= Myqerem Janina =

Albanian osmanologist

Mykerem or Myqerem bej Janina (Istanbul, 1890 – Tirana, 1989) was an Albanian osmanologist, whose most remarkable work was the translation of the Hicrî 835 tarihli Sûret-i defter-i sancak-i Arvanid (Copy of register for A.H. 835 in Sanjak of Albania), which had been first published at Ankara, in 1954, by Turkish historian, Halil İnalcık. He has also translated into Albanian several works from the Turkish humorist, Aziz Nesin.

==Life==
Janina was born in Istanbul in 1890, son of Azmi bej Janina and Lalinur Vrioni. His father was from the Janina Albanian family and was a historian, as well as a local politician in different counties of the Ottoman Empire, whereas the mother hailed from the Vrioni family from Berat. Janina studied literature and history in Istanbul.
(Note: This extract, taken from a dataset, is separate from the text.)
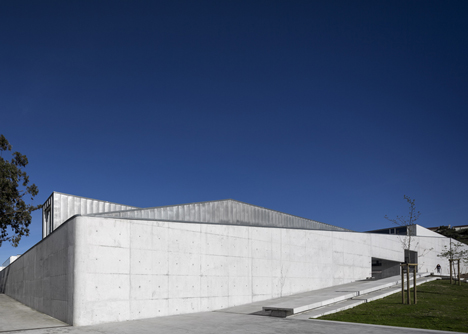 Caneças High School by ARX Portugal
In 1954 he was sent to a labor camp in Kuç, Vlore by the communist regime, along other intellectuals. In 1960 he was given a translator job at the Institute of History of the Academy of Sciences of Albania in Tirana, where he translated, among other documents, the 1954 publication of Halil İnalcık's Register of the Sanjak of Albania, a demographic census that was completed by the Ottomans during 1431–1432. During his time at the Institute of History Janina was also able to mentor young Albanian osmanologists, such as Selami Pulaha, Kristaq Prifti, Gazmend Shpuza, Petrika Thëngjilli and Ferid Duka. He also became a lecturer of Osman Turkish at the University of Tirana.